Photo by: Judd Bowman
A group of students and faculty in the School of Earth and Space Exploration and the School of Computing, Informatics, and Decision Systems Engineering have created an app that will feature an astronaut as a digital docent at two Arizona museums.
The Arizona Science Center and the Arizona Museum of Natural History are partnering with Arizona State University to offer visitors an app to complement their exhibits. The app encourages museum visitors to ask questions and the app responds back from its database.

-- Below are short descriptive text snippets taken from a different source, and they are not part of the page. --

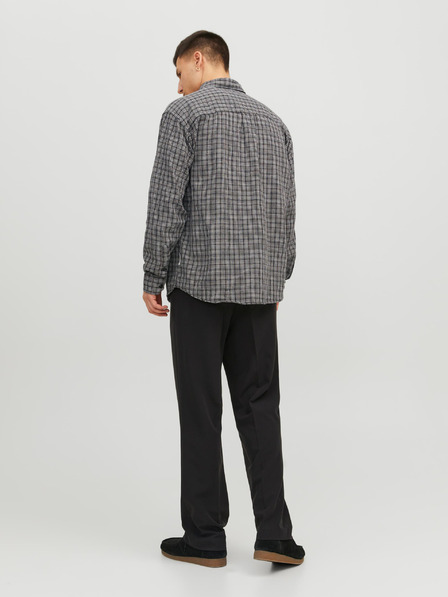 Jack & Jones Černá pánská kostkovaná košile Jack & Jones Gracia
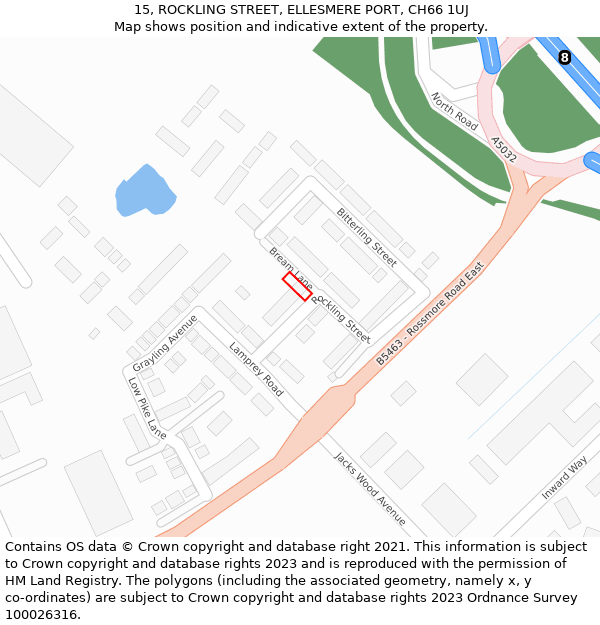 15, ROCKLING STREET, ELLESMERE PORT, CH66 1UJ: Location map and indicative extent of plot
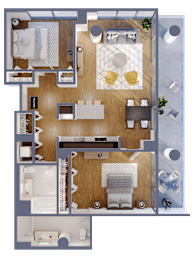 A detailed 3D floor plan of a house showing all rooms and their layouts.
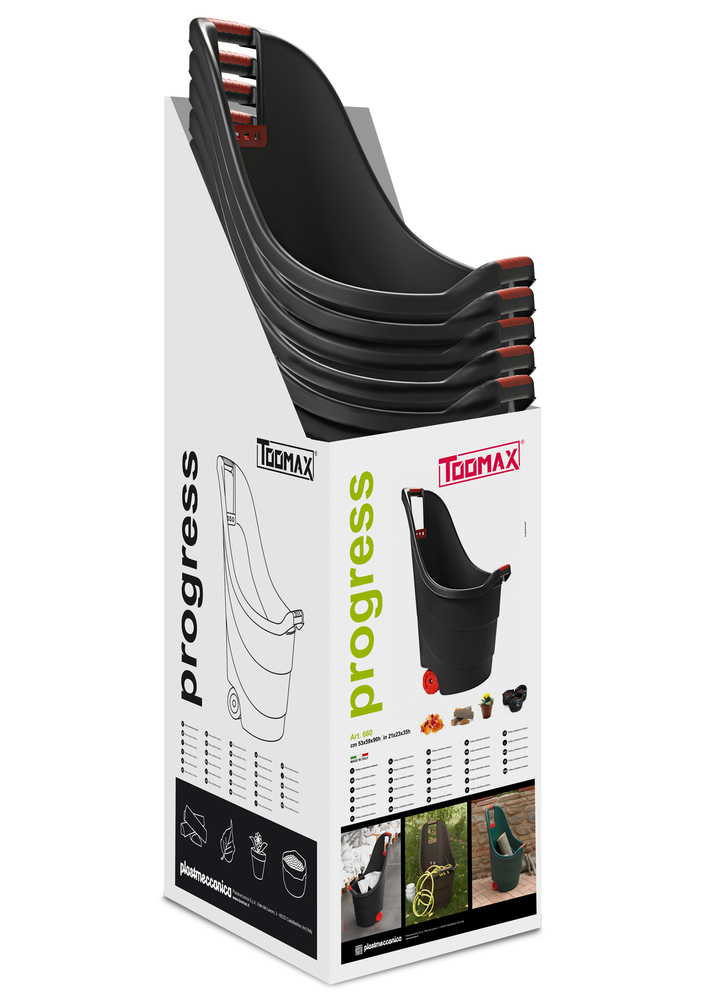 PROGRESS Vrtni plastični voziček - črn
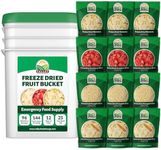 Freeze Dried Fruit Bucket, 12 Pouch | Premium Emergency Food Supply | Non-GMO Survival Food 25 Year Shelf Life | Camping Food, Backpacking Meals, Prepper Supplies | Valley Food Storage Packaged in USA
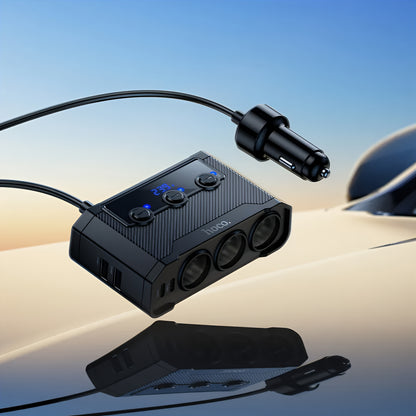 Auto-oplader HOCO Z64, 15.5W, 3.1A, 2 x USB-A - 2 x USB-C - 3 x Sigarettenaanstekeruitbreiding, Zwart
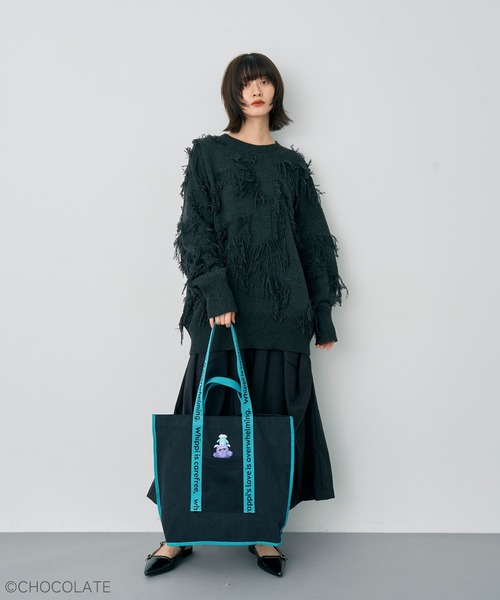 YECCA VECCA（イェッカヴェッカ）の「Whippi&Wrappiトートバッグ（トートバッグ・レディース・ブラック/ライトベージュ・FREE）」の5枚目の写真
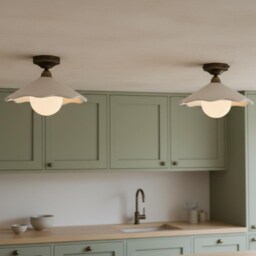 Handmade Flush Mount Ceiling Light - Hand-Carved Scalloped Plaster Lamp - thumbnail 2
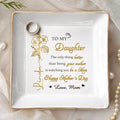 Personalized Birth Month Flower Jewelry Dish, To My Daughter Trinket Tray, Mothers Day Birthday Gifts for Daughter, Custom Floral Name Ring Dish For Wedding, Ring Holder - color: To My Daughter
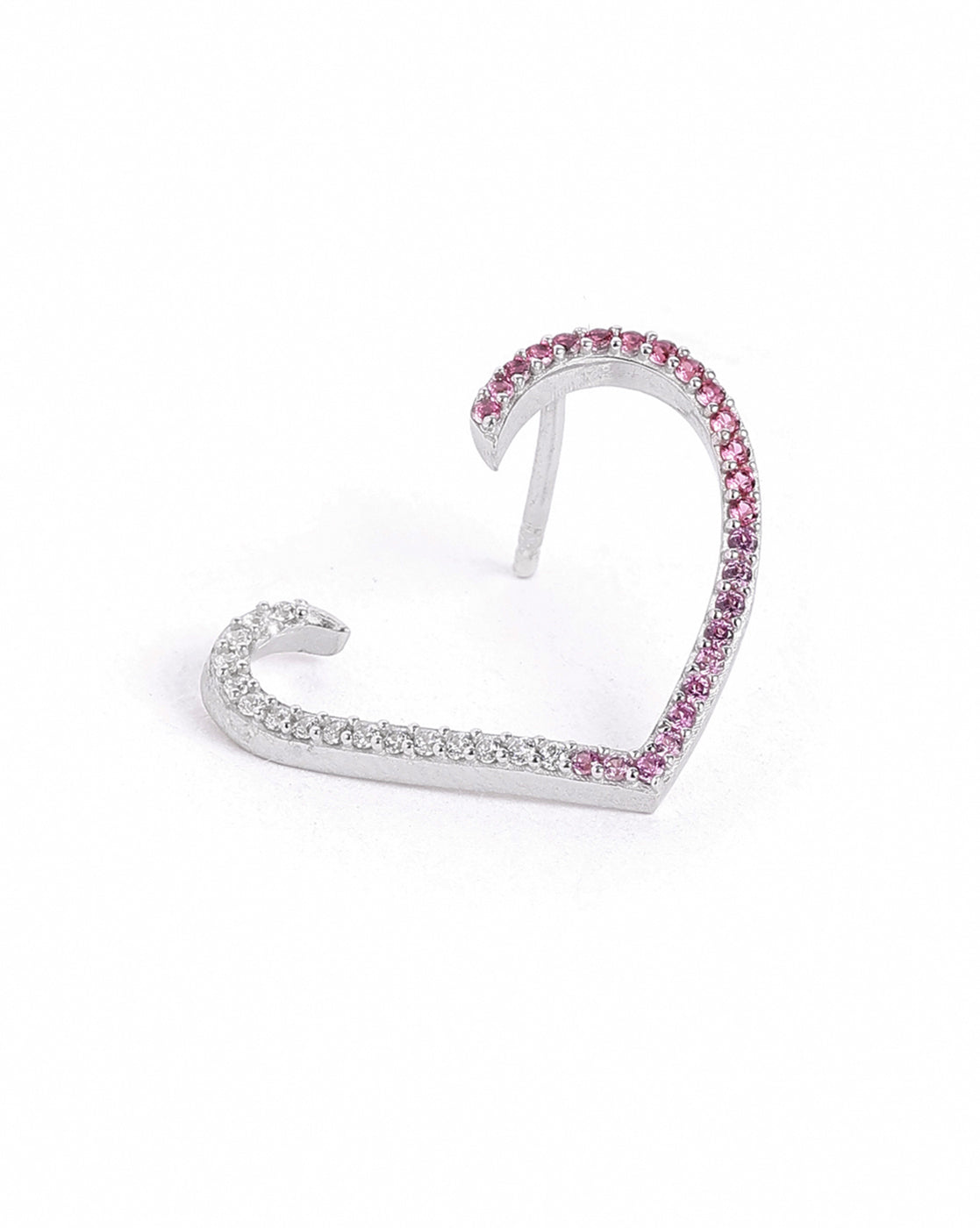 Rhodium Plated Gradient Ruby Studded Heart Bold Fashionable Stud Earring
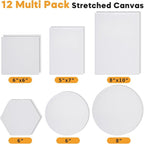 CONDA Stretched Canvas for Painting, 12 Packs Multi Size with 8" Round, 10" Round, 6" Square, 3" Hexagon, 5×7", 8×10" Primed Blank Canvas (2 of Each), 100% Cotton Artist Canvas for Acrylics Oils Paint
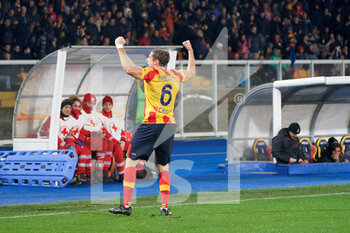 2023-01-14 - Federico Baschirotto (US Lecce) celebrates after scoring a goal - US LECCE VS AC MILAN - ITALIAN SERIE A - SOCCER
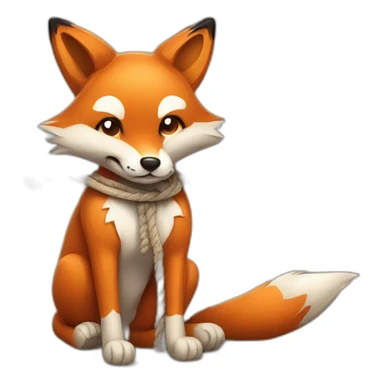 Fox tied up with ropes sticker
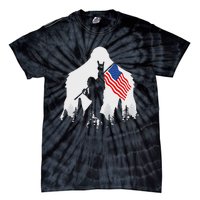 4th of July Bigfoot Sasquatch USA American Flag Tie-Dye T-Shirt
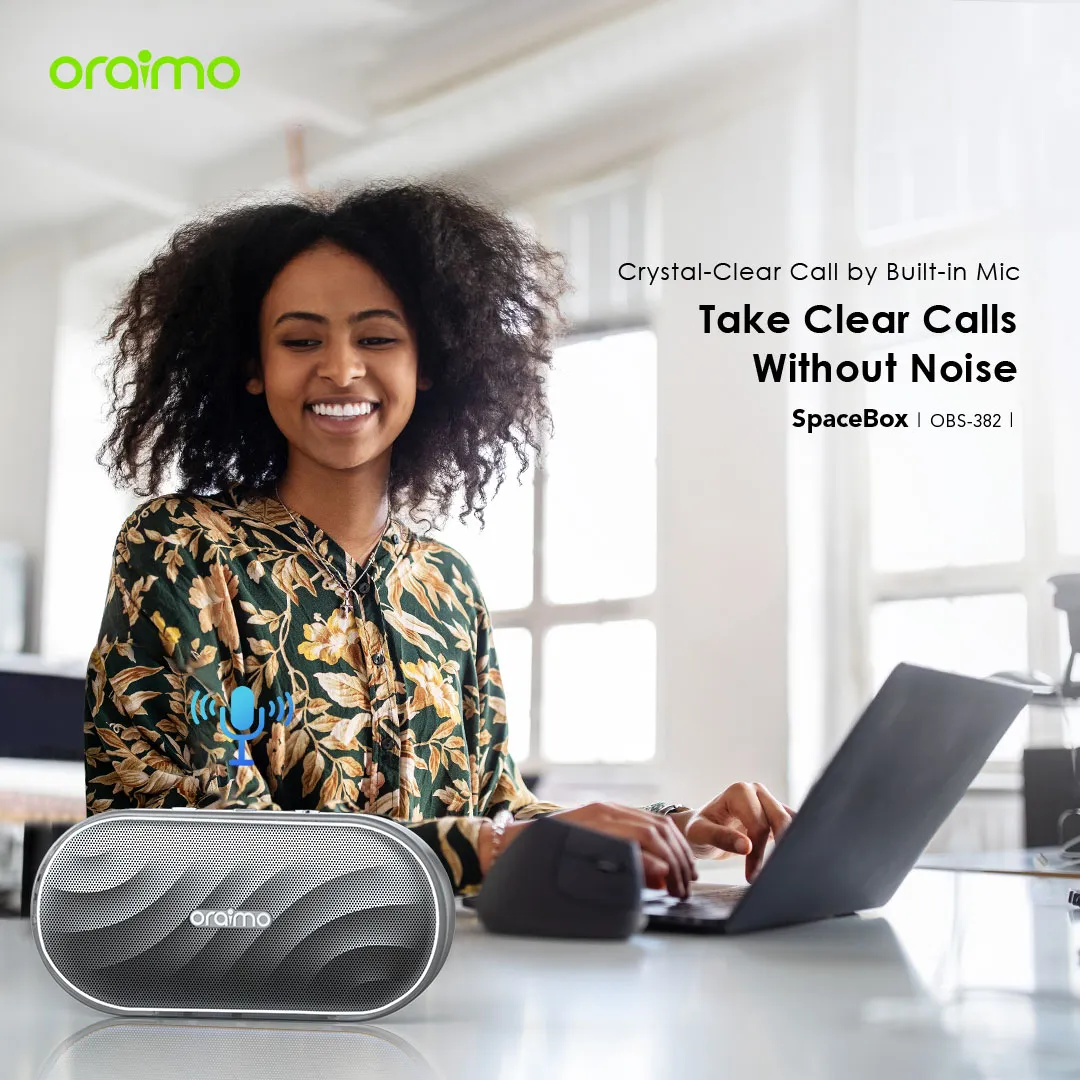 LIMITED OFFER!! Oraimo SpaceBox Bluetooth Speaker -8W, FM/USB/TF/AUX Support, Powerful Booming Bass, Personalized Light Show, PlaytimeBoost Mode,  Custom EQ Settings, Multiple Play Modes - Speakers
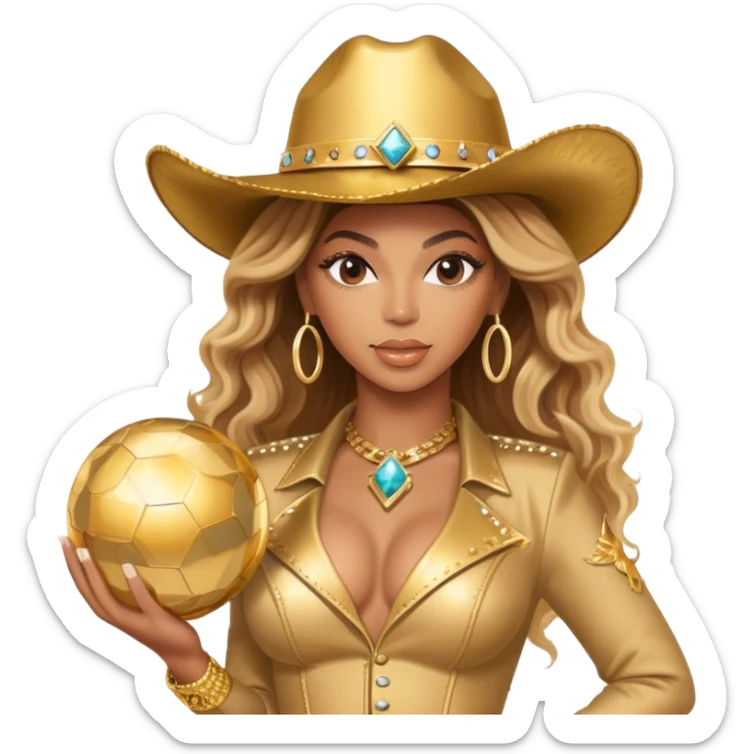 Beyonce with a gold outfit and gold cowboy hat hold the Vegas sphere sticker
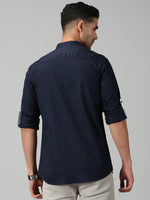 Load image into Gallery viewer, Navy Cotton Solid Shirt For Men&#39;s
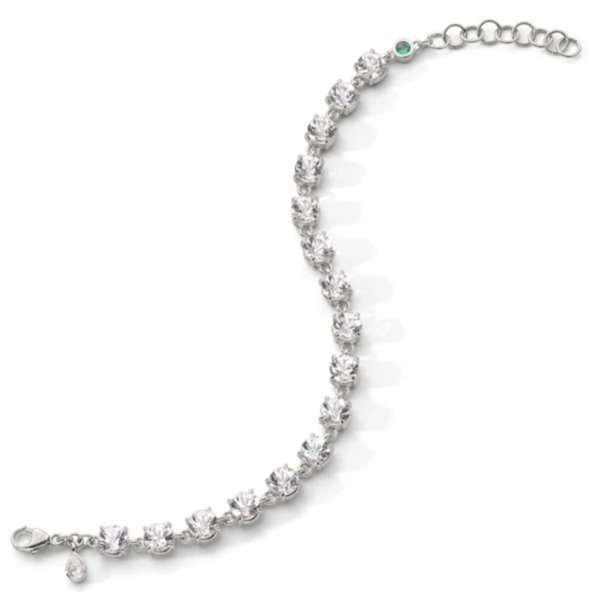 MONICA RICH KOSANN Round "European Cut" Rock Crystal Tennis Bracelet in Sterling Silver with Green Tsavorite and White Sapphire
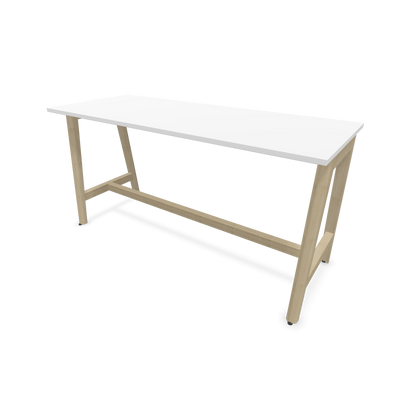Narbutas Nova Wood Hochtisch 900mm hoch - 1800x700mm - Gestell Esche Natur - Tischplatte Weiss - 6020575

The project is run by Judd Bowman, associate professor at the School of Earth and Space Exploration, Brian Nelson, associate professor at the School of Computing, Informatics, and Decisions Systems Engineering, and Cassie Bowman, associate research professor at the School of Earth and Space Exploration.
Judd Bowman said museum exhibits tend to have a long lifetime, but they aren’t always updated as quickly as science advances. The app, funded by the National Science Foundation, currently covers more than 12,000 questions on various topics from astronomy to geology. Bowman said he and the team collected many of the questions three years before the development of the app. Museum staff will also have access to a dashboard that aggregates the popular topics and questions being asked on the app.
“The idea is it’s a trusted database of information,” Bowman said. “It’s been screened through us, through our students. You know it’s going to be safe for kids, safe for your family members to use it. It’s not just whatever Google happens to bring up.”